Abstract

Stay Woke: A People’s Guide to Making All Black Lives Matter, by Tehama Lopez Bunyasi and Candis Watts Smith, is a hybrid text that brings together both academic and public scholarship about the Movement for Black Lives. Interestingly, it also acts as a kind of interactive workbook. This rich text is an excellent example of the positive ways that academic studies can be used as teaching tools in the larger public realm. By avoiding jargon and using real examples and phrases, as well as including discussion questions and resources, this book is a useful way for non-academic readers to meet and discuss racial oppression and inequality in a concrete and sustainable manner. As academic studies can be occasionally seen as out of touch or not applicable, and popular texts as trendy or catchy but not always factually sophisticated, Stay Woke integrates these styles, increasing its ability to reach a wider audience. Through use of academic studies, data, tables, history, and popular culture examples, this text is original and is an ideal for the future of publically accessible knowledge.
The Movement for Black Lives (M4BL) is a widely known contemporary social movement that highlights the historical disenfranchisement and structural violence against Blacks in America. Originally starting as a Twitter hashtag and then growing into a larger movement, its coverage has been twisted and turned by news media over the past six years. Depending on what channel you turn on or which news outlet you read, the M4BL is described as either an updated civil rights movement or a domestic terrorist organization. Stay Woke aptly clarifies that the movement is neither. Not only does the book use current facts and critical history, but it also provides the steps necessary for ordinary people to build an antiracist society. Rather than listing what white people can do to build an antiracist society, it shows how all people can become leaders rather than waiting for others to create social change for them. In Chapter Two, it defines “all the words people throw around,” or common keywords and phrases that tend to be misunderstood, in a very useful way. This lengthy list would have been more useful as an appendix, as it pushes back the central conversation of the book and breaks up the narrative flow.

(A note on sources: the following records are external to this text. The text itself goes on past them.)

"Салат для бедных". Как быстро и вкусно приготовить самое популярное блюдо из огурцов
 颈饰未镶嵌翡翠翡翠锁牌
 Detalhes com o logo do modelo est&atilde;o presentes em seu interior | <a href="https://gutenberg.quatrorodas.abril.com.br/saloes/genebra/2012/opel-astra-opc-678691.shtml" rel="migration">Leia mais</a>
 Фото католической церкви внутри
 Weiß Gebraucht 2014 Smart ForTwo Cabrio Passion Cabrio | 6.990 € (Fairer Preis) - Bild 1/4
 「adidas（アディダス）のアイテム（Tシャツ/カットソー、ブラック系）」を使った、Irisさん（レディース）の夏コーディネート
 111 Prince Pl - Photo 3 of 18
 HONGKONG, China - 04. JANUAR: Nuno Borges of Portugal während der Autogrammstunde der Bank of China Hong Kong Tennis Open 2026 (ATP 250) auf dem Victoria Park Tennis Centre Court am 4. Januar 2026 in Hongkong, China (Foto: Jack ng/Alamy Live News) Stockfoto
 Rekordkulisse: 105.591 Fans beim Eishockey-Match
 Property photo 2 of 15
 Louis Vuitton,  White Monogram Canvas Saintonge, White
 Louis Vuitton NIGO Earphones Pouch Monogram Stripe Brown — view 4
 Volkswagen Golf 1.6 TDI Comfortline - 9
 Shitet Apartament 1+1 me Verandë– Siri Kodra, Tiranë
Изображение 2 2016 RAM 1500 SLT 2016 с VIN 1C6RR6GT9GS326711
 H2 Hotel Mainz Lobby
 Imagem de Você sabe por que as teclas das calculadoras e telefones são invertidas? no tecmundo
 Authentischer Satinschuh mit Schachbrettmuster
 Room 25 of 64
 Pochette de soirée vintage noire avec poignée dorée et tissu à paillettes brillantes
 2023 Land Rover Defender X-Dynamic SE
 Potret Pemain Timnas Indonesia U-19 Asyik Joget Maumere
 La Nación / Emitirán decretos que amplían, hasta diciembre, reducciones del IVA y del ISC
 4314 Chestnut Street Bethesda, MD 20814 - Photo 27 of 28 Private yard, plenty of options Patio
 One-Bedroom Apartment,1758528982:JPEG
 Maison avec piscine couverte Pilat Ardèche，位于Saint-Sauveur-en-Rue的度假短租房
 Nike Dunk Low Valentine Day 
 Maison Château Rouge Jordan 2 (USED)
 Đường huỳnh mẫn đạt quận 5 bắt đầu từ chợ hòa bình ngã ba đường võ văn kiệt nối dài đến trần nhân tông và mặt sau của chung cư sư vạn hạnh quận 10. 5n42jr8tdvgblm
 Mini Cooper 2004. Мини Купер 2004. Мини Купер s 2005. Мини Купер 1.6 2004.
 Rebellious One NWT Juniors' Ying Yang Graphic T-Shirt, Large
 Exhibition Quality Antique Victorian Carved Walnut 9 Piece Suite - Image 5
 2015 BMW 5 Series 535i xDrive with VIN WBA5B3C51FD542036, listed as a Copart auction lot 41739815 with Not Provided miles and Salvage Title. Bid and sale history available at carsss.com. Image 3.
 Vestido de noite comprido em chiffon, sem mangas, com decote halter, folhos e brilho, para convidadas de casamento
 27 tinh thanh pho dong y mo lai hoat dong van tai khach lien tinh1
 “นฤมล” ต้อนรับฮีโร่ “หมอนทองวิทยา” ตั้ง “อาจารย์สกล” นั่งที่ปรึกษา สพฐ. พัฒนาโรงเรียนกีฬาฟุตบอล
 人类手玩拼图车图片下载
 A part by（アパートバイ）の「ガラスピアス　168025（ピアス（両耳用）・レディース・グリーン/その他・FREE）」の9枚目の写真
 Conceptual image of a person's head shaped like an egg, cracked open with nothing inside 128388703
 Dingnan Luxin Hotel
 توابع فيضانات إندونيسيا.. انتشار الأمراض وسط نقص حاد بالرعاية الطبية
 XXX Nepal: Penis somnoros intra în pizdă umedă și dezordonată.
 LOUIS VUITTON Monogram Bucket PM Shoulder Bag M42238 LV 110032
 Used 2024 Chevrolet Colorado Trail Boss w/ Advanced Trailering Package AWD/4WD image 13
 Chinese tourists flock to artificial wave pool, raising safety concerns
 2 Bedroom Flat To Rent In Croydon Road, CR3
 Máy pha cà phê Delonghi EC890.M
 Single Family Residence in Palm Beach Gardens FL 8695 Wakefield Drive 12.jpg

Stay Woke describes the Movement for Black Lives by historicizing it within our contemporary moment. One of the major themes, particularly in Chapter Three, is that racial progress was never inevitable. The full citizenship of Black Americans always had to be forced, and even then, small successes were and are constantly met with attempts to undermine, obscure, or block full freedom and participation in American society. Bunyasi and Smith talk about the allure of being “almost there.” Even with legal wins, Stay Woke discusses the different ways our racialized social system has been maintained. We aren’t “almost there” when we live with the impact and vestiges of decades-old logic and policies like vagrancy laws, the Thirteenth Amendment, and residential and school segregation that require a full account of the ways they support a second-class citizenship for Black Americans and other minorities. Through it all, the book illustrates how Black Americans have participated in an “insurgent citizenship,” finding alternative ways to take part in democratic society despite the violent backlash or attempts to overturn Supreme Court cases. We learn that there is nothing naturally linear about racial progress.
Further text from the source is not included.